El director de fotografía ocupaba mis pocos momentos libres, me contaba con entusiasmo cómo pensaba iluminar tal o cual decorado, yo le contaba como quería que fueran las noches en la película y él me hablaba de la bondad de las ópticas que íbamos a usar y me mostraba, junto a la directora de arte, una paleta de colores con los que trabajar.
Yo iba decidiendo que empezáramos con colores fríos, materiales modernos: acero, cemento, cristal… ya pasaríamos a los colores más calidos y con más saturación cuando la película llegara al trópico, a Canarias. Y mientras me hablaban de colores, de luces y de sombras, de unas nuevas alfombras y de una preciosa mesa de cristal para la casa del protagonista, yo, mentalmente, iba colocando esos elementos.

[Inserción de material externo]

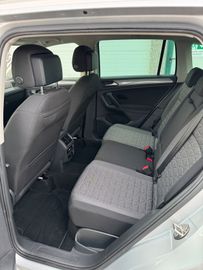 Volkswagen Tiguan - 11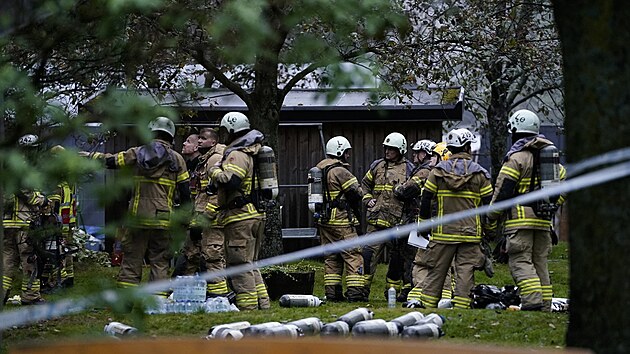 Policist, hasii a zchrani zasahuj ve vdskm Gteborgu, kde dolo k vbuchu v bytovm dom. (28. z 2021)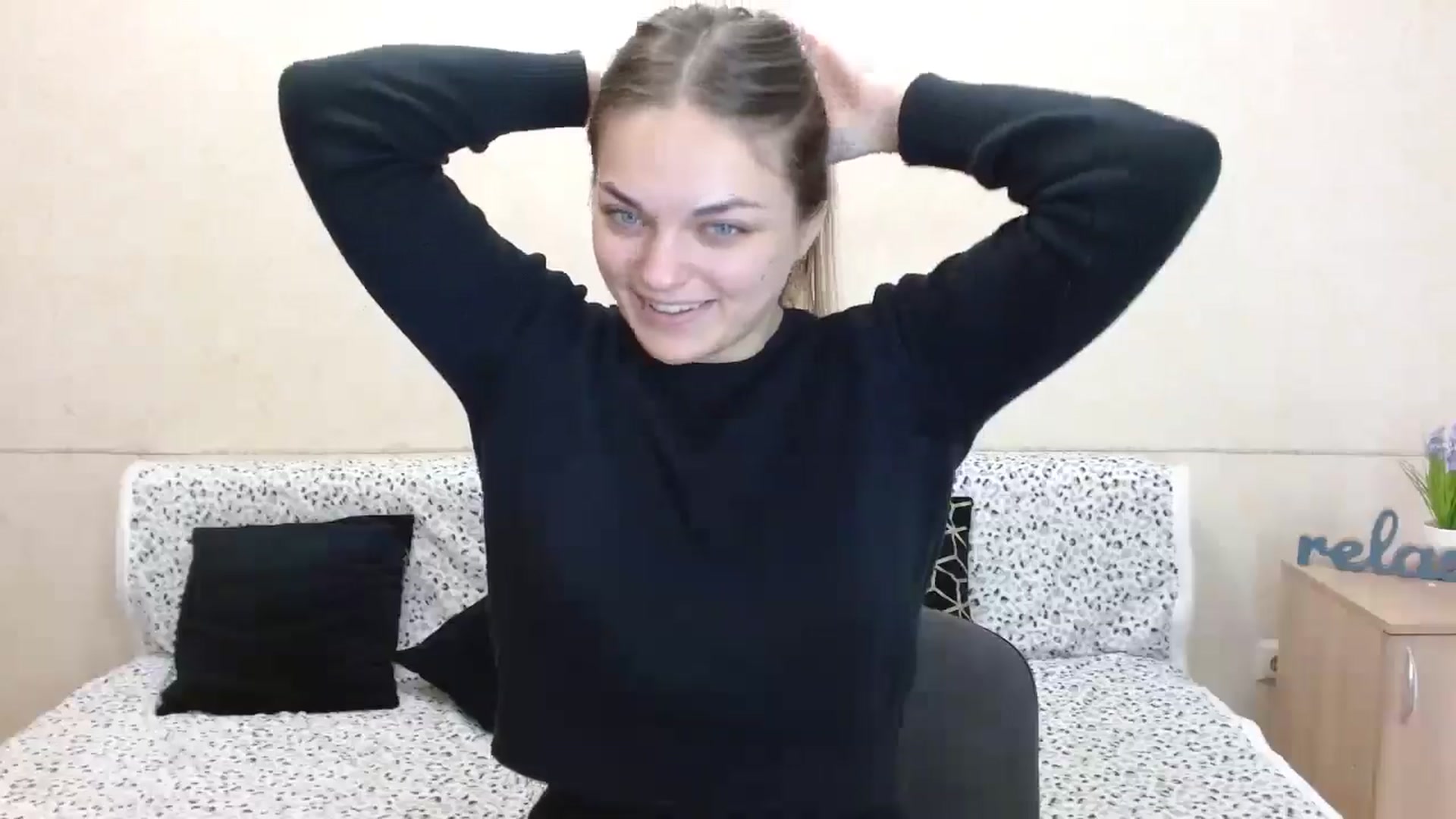 Gallery image thumbnail from Chaynea's myfreecams stream on, 11/19/2025, 11:08 image 14 of 20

Trasladaba esa nueva información a los planos que había pensado, a las puestas en escena que, todavía sin acabar, se perfilaban en mi mente, y lo que antes eran imágenes esquemáticas, empezaban ahora a cobrar vida. Ya veía ese fondo rojo que me contaba la directora de arte resaltando el vestido verde que me describía la jefa de vestuario, mientras el director de foto me hablaba de iluminar la escena con la cálida luz del atardecer que, lógicamente, él conseguiría colocando sus focos afuera en la ventana y filtrando esa luz a través de la cortina de lino color tabaco que en ese momento desembalaba la escenógrafa. Entonces, en mi cabeza, pedía “acción” y la actriz decía su línea del guion mientras miraba con descaro hacia la derecha de la cámara tal y como le había pedido; bueno, más bien tal y como lo estaba imaginando.

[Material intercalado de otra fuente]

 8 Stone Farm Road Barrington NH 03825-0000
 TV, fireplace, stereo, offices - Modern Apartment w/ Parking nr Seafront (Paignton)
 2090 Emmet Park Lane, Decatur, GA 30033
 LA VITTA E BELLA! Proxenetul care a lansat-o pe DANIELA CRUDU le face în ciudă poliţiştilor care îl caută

El plano estaba completo y preparado, ahora podíamos rodarlo. Si rodamos veinticinco planos diarios con cada cámara –tenemos dos cámaras– en veintinueve días de rodaje haremos cerca de 1.500 planos. En las películas con mucho presupuesto se piensa y dibuja cada plano con meses de antelación, se construyen los decorados para no depender de la luz y del tiempo, todo está controlado, medido, previsto.
En las películas más pequeñas no tenemos ese tiempo de preparación, los equipos son más pequeños de lo deseable y tenemos mucho menos dinero, por lo que tenemos que compensar las carencias con imaginación, corriendo más, adaptándonos a lo que tenemos y, a veces, reduciendo nuestras expectativas. Pero, aun así, hay momentos en los que no nos queda más que reconocer lo que todo el mundo en el equipo sabe, pero nadie quiere decir o, al menos, nadie quiere ser el primero en decir: tenemos que retrasar. No llegamos.